Somewhere between school and her extracurricular activities, eighth-grader Julia Bluhm found time to launch a crusade against airbrushed images in one of the country's top teen magazines.
And this week, she won: Seventeen magazine pledged not to digitally alter body sizes or face shapes of young women featured in its editorial pages, largely in response to the online petition Julia started this spring.
"We should focus on people's personalities, not just how they look," she told NPR member station WBUR last month. "If you're looking for a girlfriend who looks like the models that you see in magazines, you're never going to find a girlfriend, because those people are edited with computers."
After hearing too many fellow teens in her ballet class complain about their weight, the 14-year-old started her campaign in April with a petition on Change.org. It called for the magazine to print one unaltered photo spread each month. The petition — and a demonstration at the corporate offices of Hearst, which owns Seventeen — led to more than 80,000 signatures from around the world.
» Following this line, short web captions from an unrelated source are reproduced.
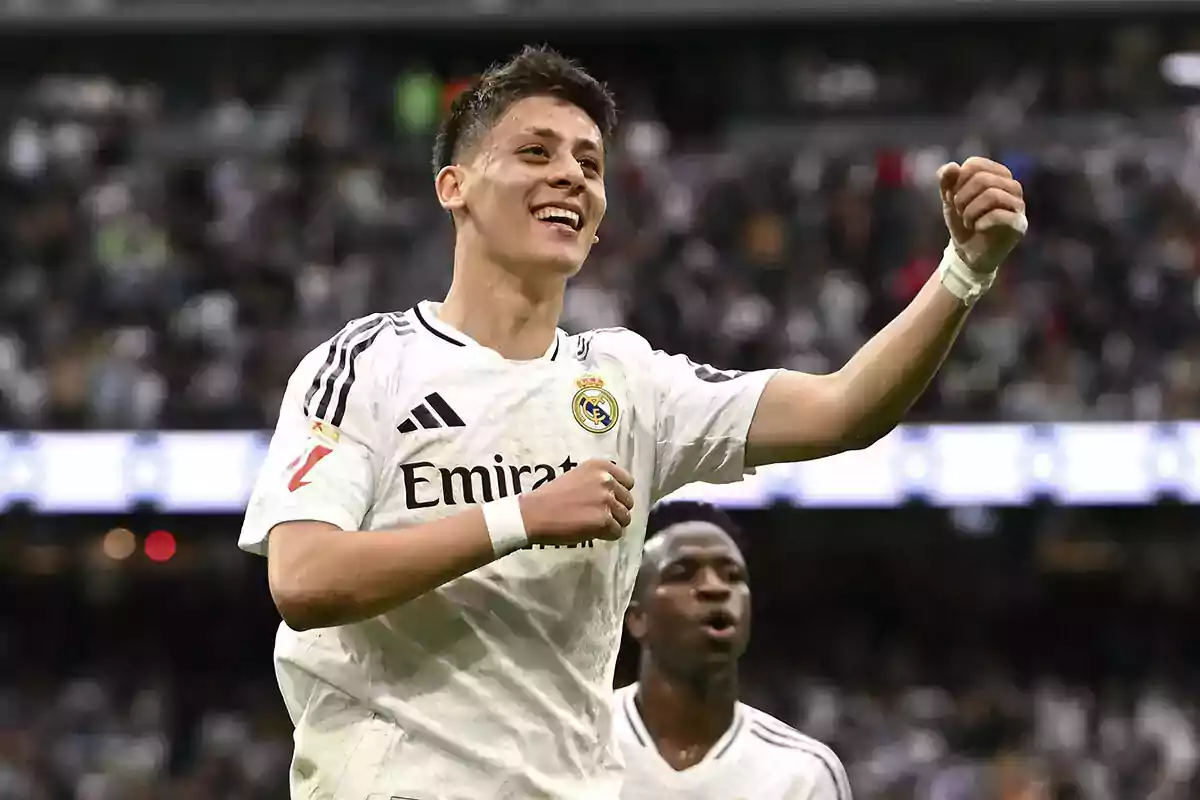 Real Madrid player celebrating a goal in the stadium with a big smile and fist raised Real Madrid player celebrating a goal in the stadium with a big smile and fist raised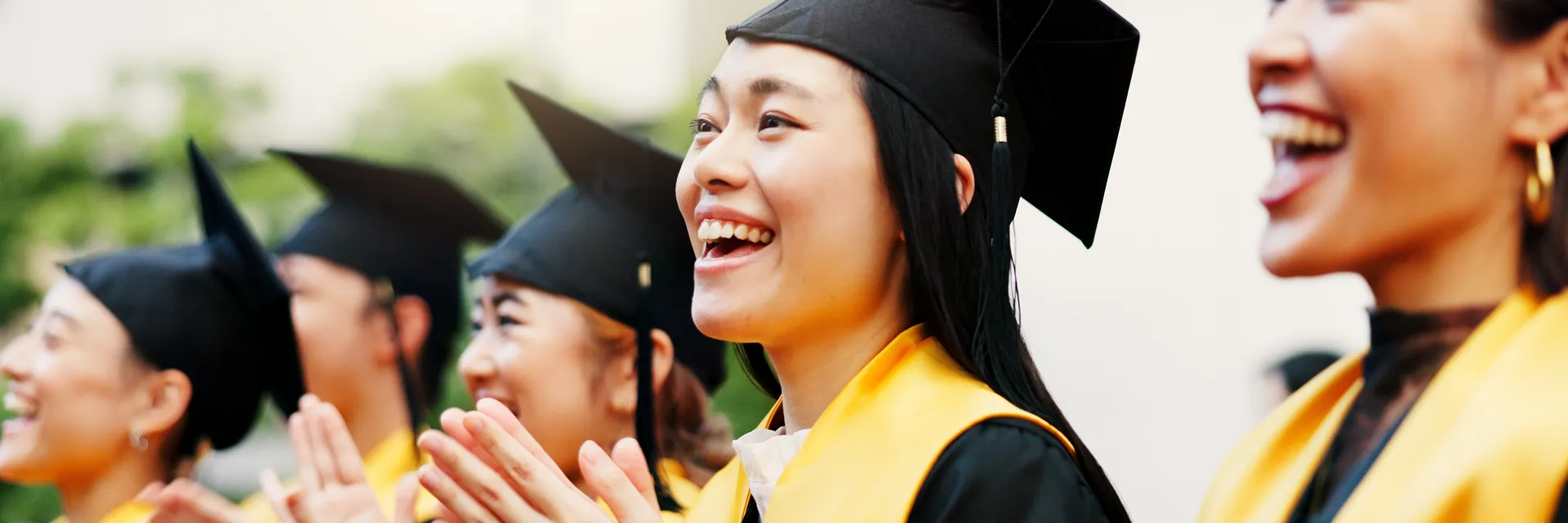 East Asian graduates celebrating and clapping at graduation ceremony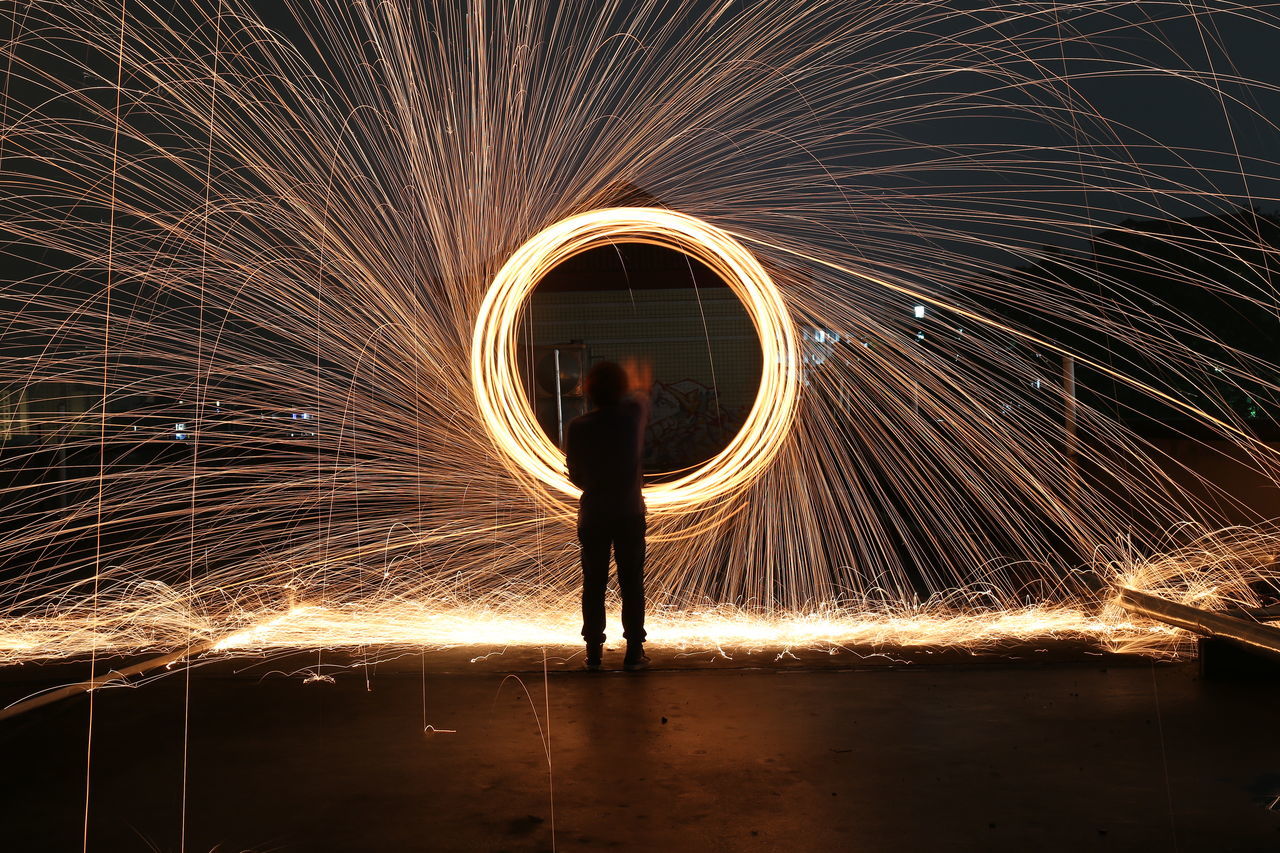 lifestyles, full length, silhouette, standing, leisure activity, tunnel, indoors, illuminated, rear view, night, water, walking, men, circle, person, wet, rain, reflection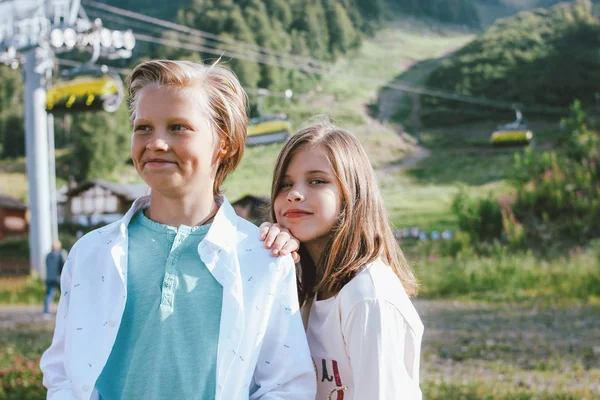 Cute children brother and sister friends against background of mountain resort, family travel adventure concept — Stock Photo, Image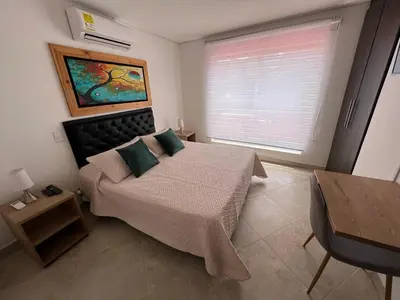 a bedroom with a large bed and a window at Apartamento Amoblado laureles estadio in Medellín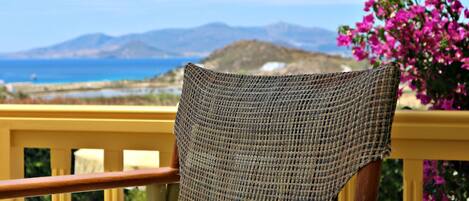 A wicker chair with a view of the sea and mountains in the background.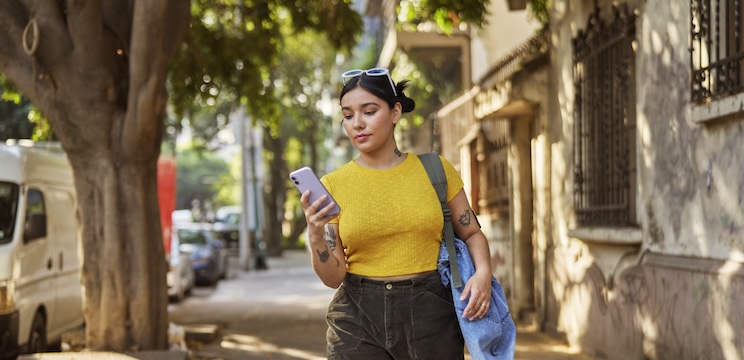 Woman walking on a sidewalk holding a mobile phone and looking down at it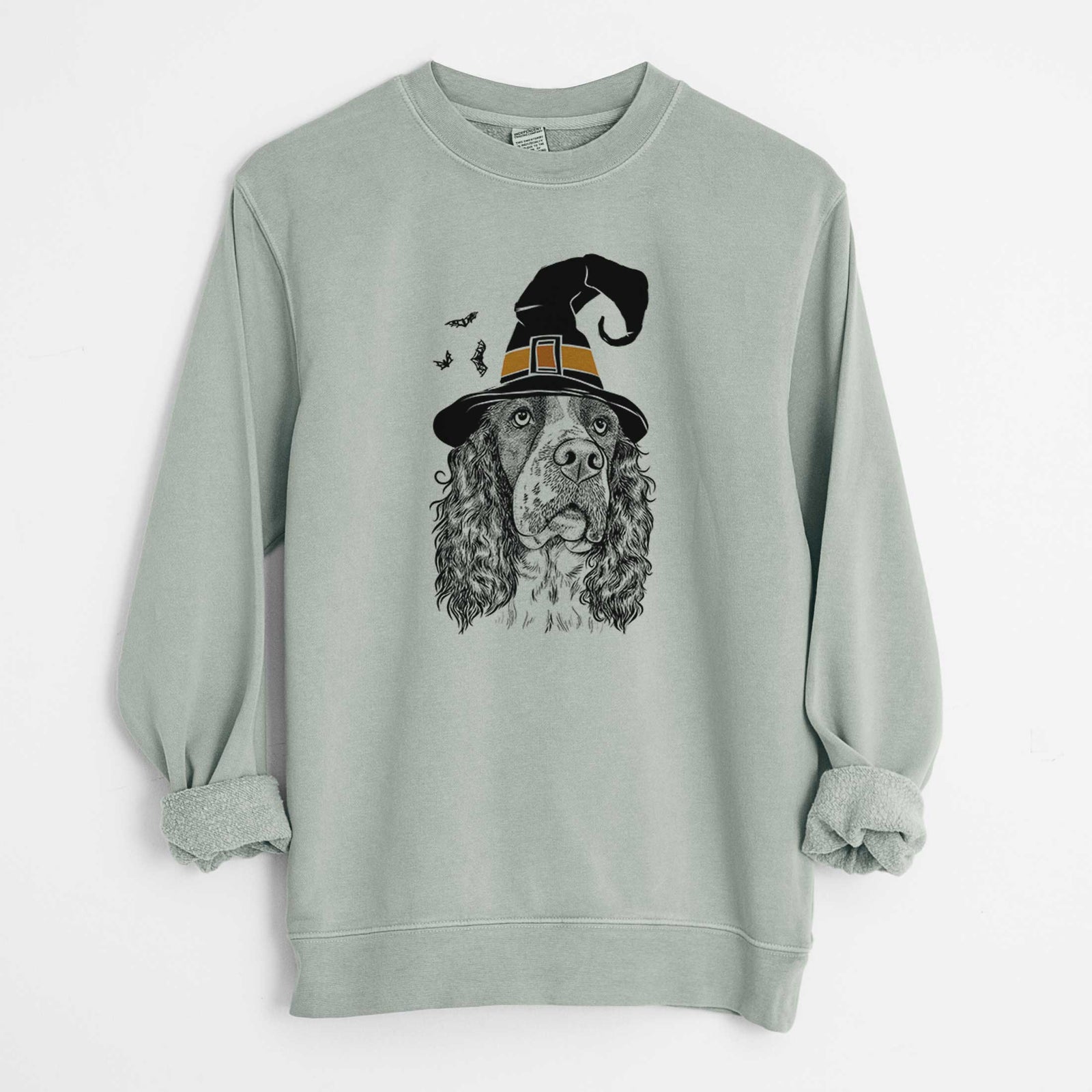 Hand-drawn sketch of Millie Mae the English Springer Spaniel wearing a witch hat on a Sage Unisex pigment dyed crew sweatshirt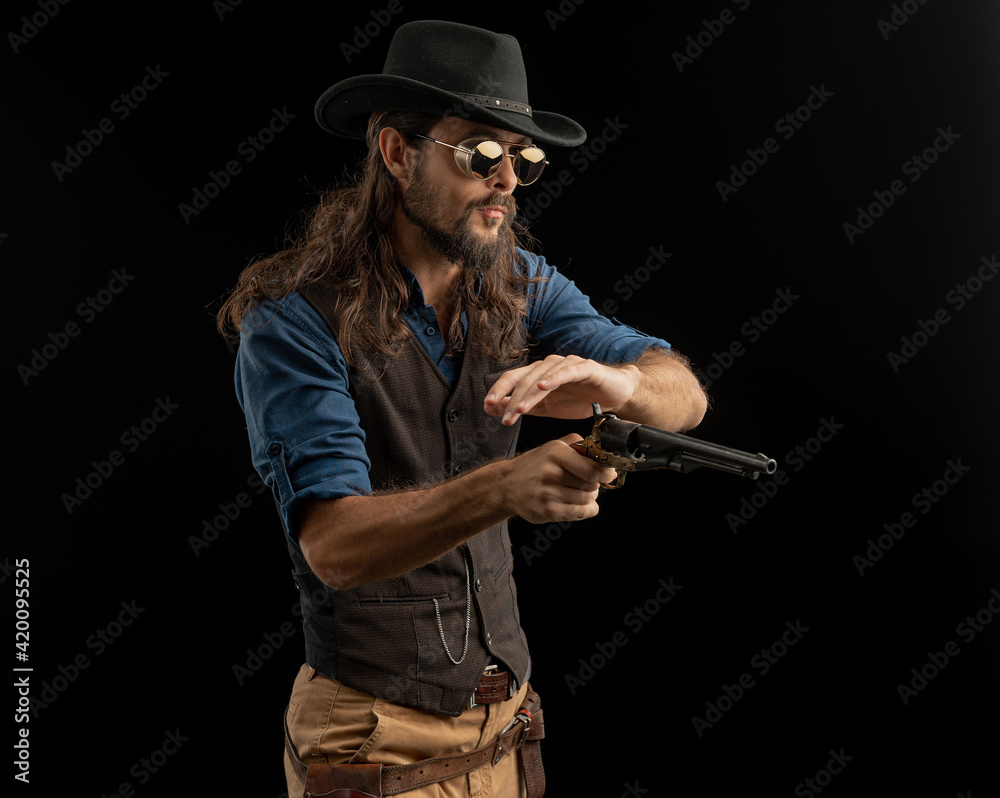Cowboy with guns. Studio shooting Cowboy with guns. Studio shooting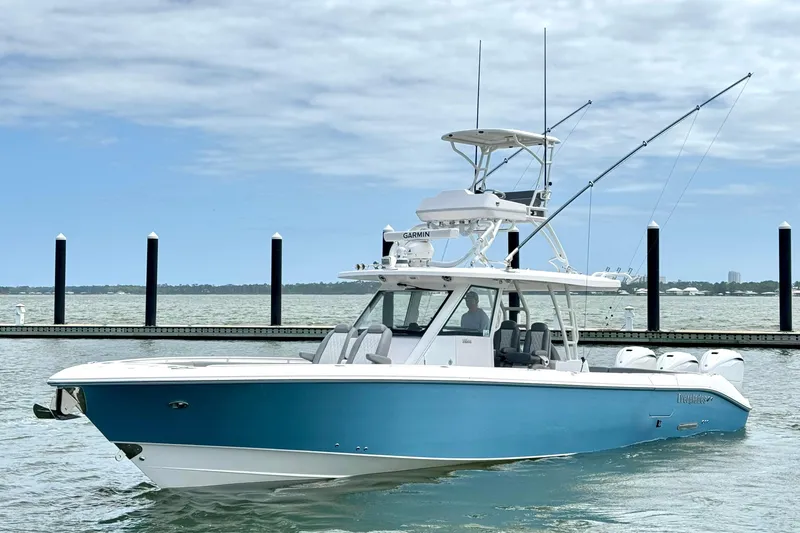 The Image of 2023 Everglades 395 Center Console boat docked on calm water. - 0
The barrage of correspondence from young girls led Ann Shoket, Seventeen's editor-in-chief, to invite Julia for a meeting and subsequently put out a new policy statement on the magazine's photo enhancements.
The New York Times reports that while Shoket stresses the magazine "never has, never will" digitally alter the body or face shapes of its models, her editor's letter in the upcoming August issue will reaffirm its commitment. Skolet writes that the entire Seventeen staff has signed an eight-point Body Peace Treaty, promising not to alter natural shapes and include only images of "real girls and models who are healthy."
"While we work hard behind the scenes to make sure we're being authentic, your notes made me realize that it was time for us to be more public about our commitment," Shoket writes in her letter to readers, published in part in Tuesday's Times. The magazine also promises greater transparency surrounding its photo shoots, showing what goes into the shoots on its behind-the-scenes Tumblr.
Transparency and the new pledge don't necessarily mean every page in the magazine will be au naturel, because so many pages are filled with ads. The companies doing the advertising aren't making the same no-Photoshop promise, so it's unclear what the pact means for digitally enhanced advertisements. Calls to the magazine to comment on the policy haven't been returned.
"This is a huge victory, and I'm so unbelievably happy," Julia writes on her online petition page.
But the fight against enhanced images of young girls isn't over. Inspired by the win, two other middle-school activists are taking on Teen Vogue in a new online petition, which, as of this posting, already has more than 11,000 signatures.